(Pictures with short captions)
((
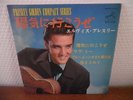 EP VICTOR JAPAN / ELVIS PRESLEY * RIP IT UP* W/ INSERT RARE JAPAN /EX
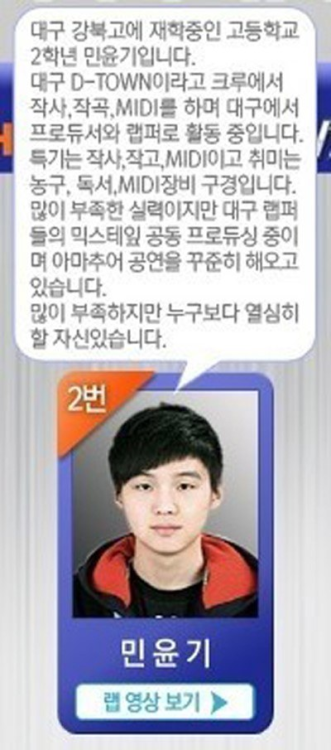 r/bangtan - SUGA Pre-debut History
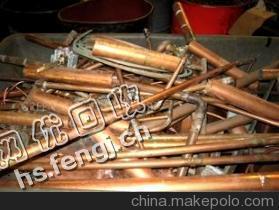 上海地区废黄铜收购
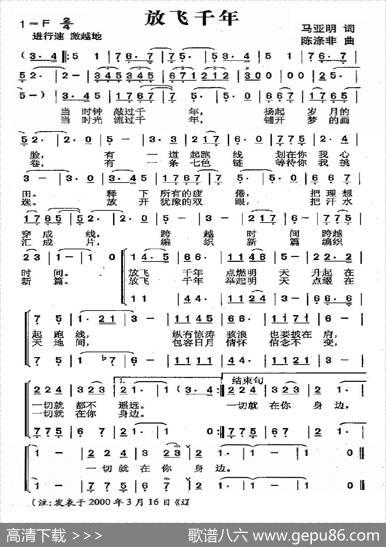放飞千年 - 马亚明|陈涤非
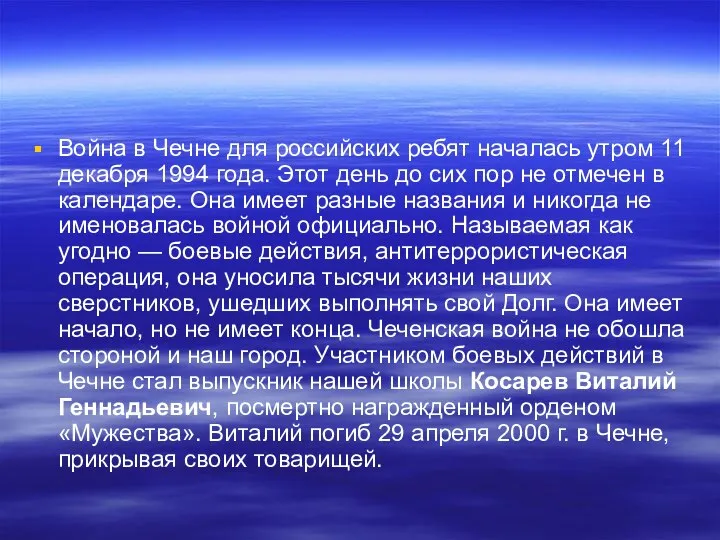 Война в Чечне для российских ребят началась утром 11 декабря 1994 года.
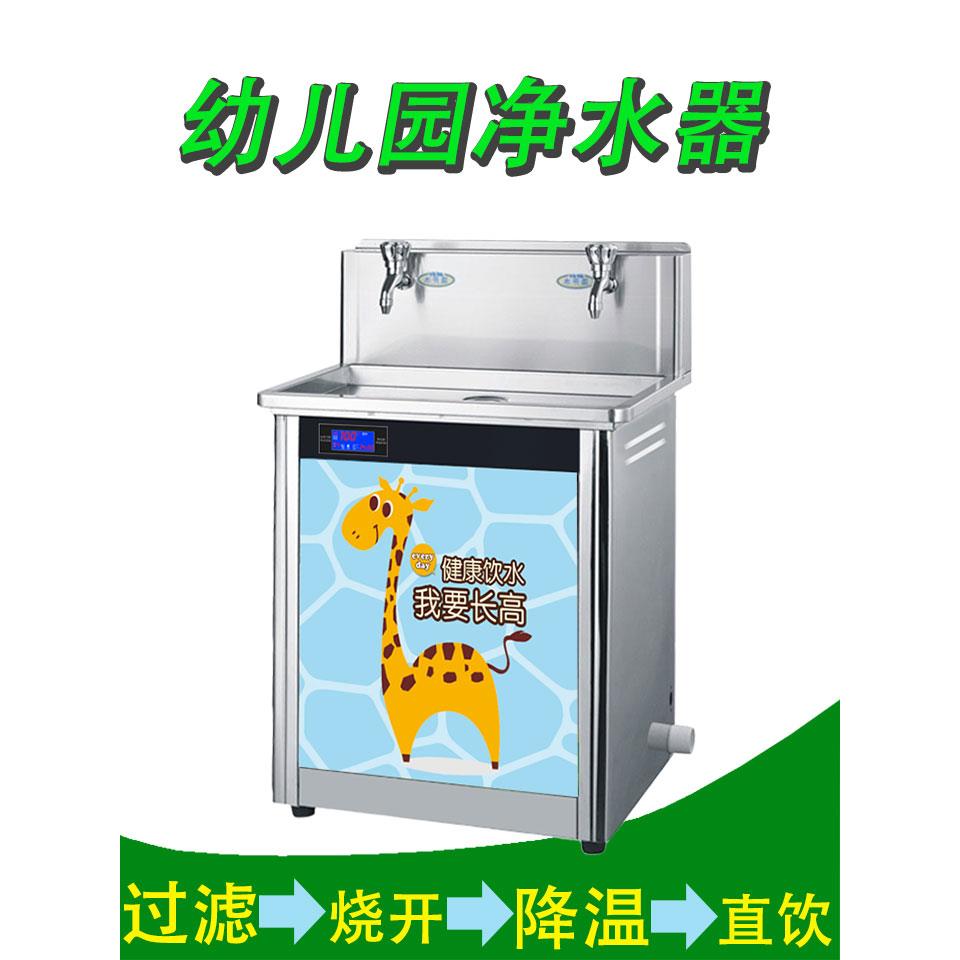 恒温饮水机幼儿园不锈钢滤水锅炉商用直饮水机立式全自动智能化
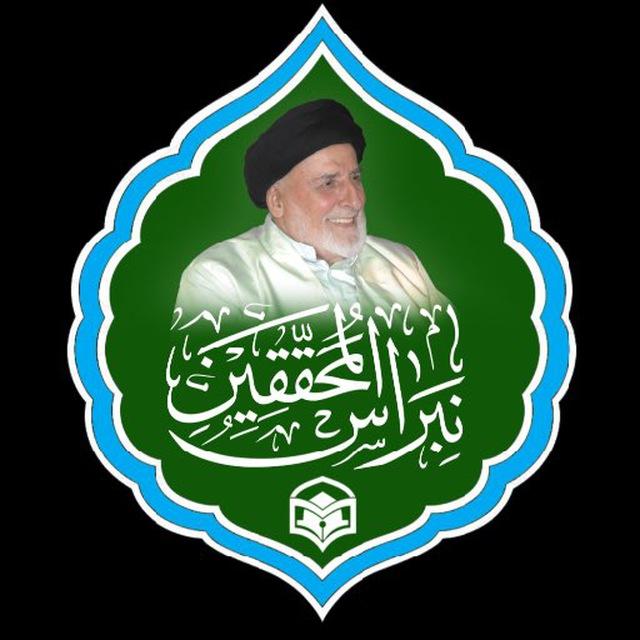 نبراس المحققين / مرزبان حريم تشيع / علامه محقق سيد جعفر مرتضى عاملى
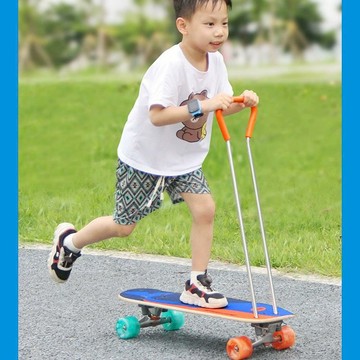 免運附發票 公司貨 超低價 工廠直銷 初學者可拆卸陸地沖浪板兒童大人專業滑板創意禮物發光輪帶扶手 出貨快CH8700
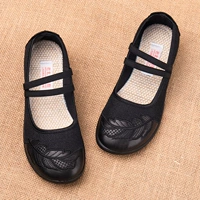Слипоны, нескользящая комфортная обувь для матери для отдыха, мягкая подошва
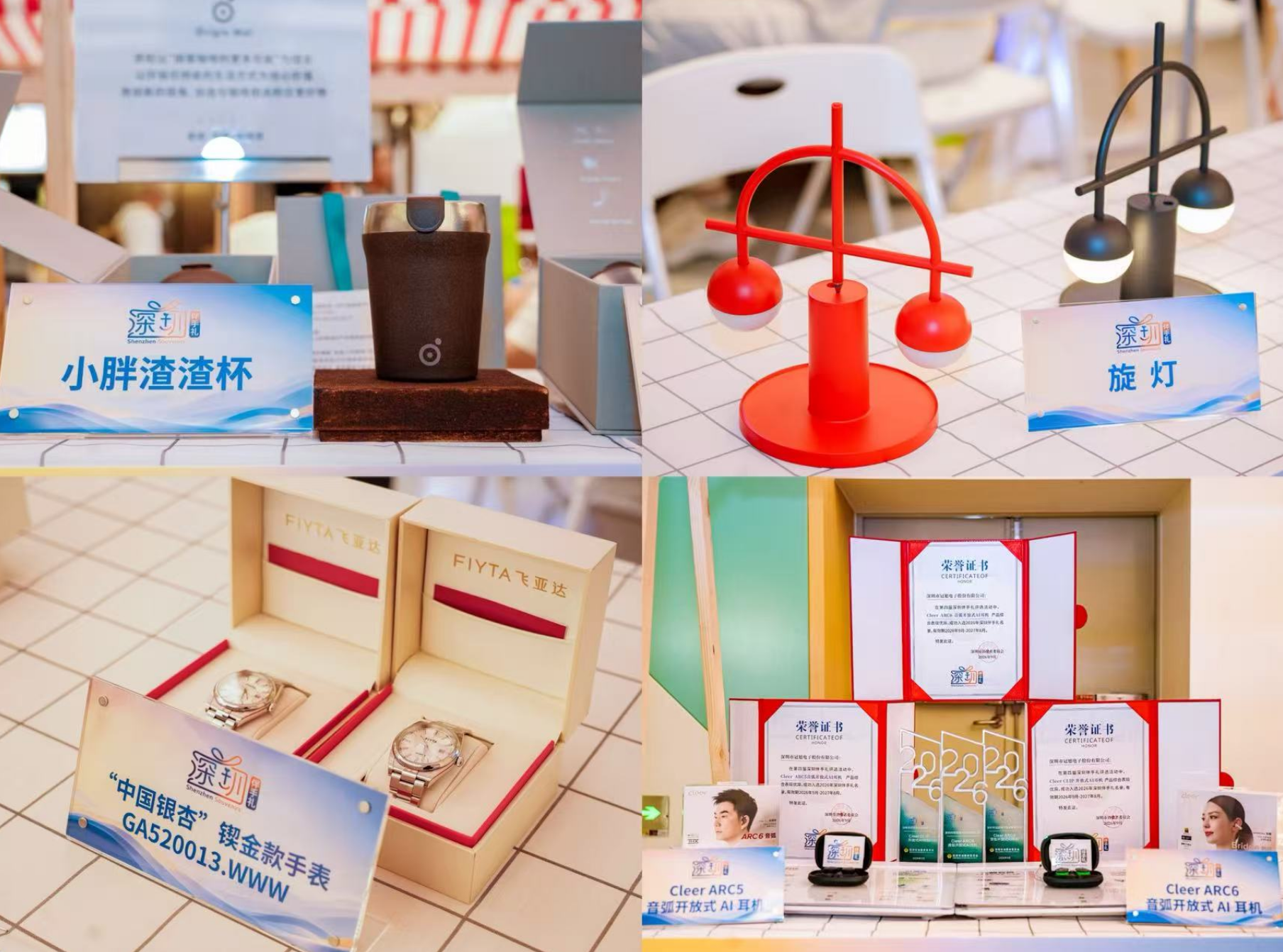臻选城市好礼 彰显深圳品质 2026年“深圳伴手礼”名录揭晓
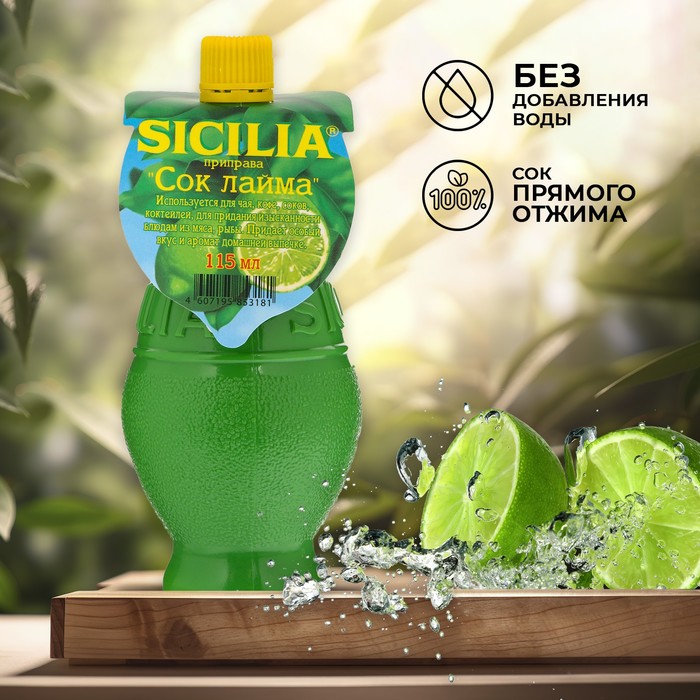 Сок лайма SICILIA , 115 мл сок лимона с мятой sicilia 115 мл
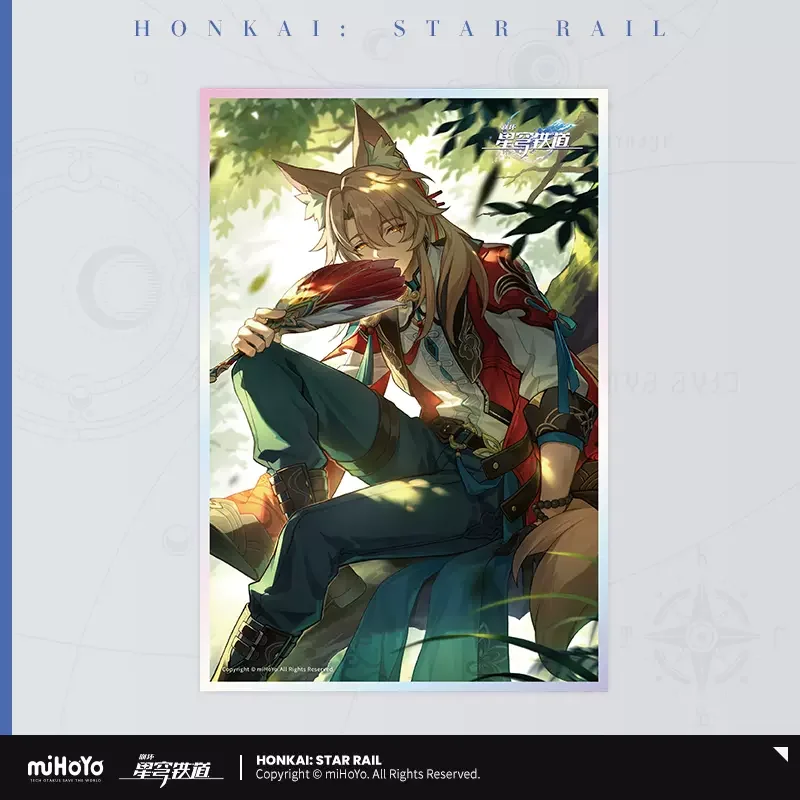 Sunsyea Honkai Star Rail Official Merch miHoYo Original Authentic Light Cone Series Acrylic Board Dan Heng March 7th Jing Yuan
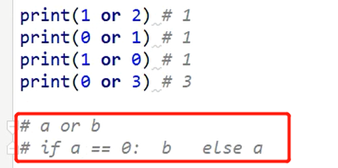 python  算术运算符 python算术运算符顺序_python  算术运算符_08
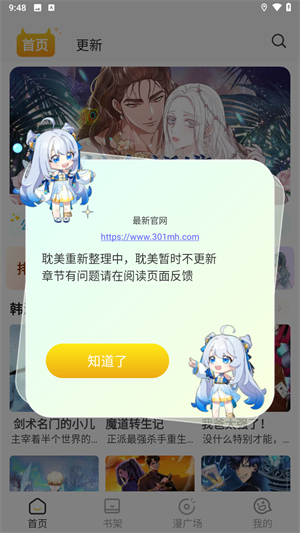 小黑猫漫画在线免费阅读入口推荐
))
◆ **Brief**
When you copy the data above, keep each line exact and omit the pictures.

◆ **Result of the exercise**
 EP VICTOR JAPAN / ELVIS PRESLEY * RIP IT UP* W/ INSERT RARE JAPAN /EX
 r/bangtan - SUGA Pre-debut History
 上海地区废黄铜收购
放飞千年 - 马亚明|陈涤非
 Война в Чечне для российских ребят началась утром 11 декабря 1994 года.
 恒温饮水机幼儿园不锈钢滤水锅炉商用直饮水机立式全自动智能化
 نبراس المحققين / مرزبان حريم تشيع / علامه محقق سيد جعفر مرتضى عاملى
 免運附發票 公司貨 超低價 工廠直銷 初學者可拆卸陸地沖浪板兒童大人專業滑板創意禮物發光輪帶扶手 出貨快CH8700
Слипоны, нескользящая комфортная обувь для матери для отдыха, мягкая подошва
臻选城市好礼 彰显深圳品质 2026年“深圳伴手礼”名录揭晓
 Сок лайма SICILIA , 115 мл сок лимона с мятой sicilia 115 мл
 Sunsyea Honkai Star Rail Official Merch miHoYo Original Authentic Light Cone Series Acrylic Board Dan Heng March 7th Jing Yuan
 python  算术运算符 python算术运算符顺序_python  算术运算符_08
 小黑猫漫画在线免费阅读入口推荐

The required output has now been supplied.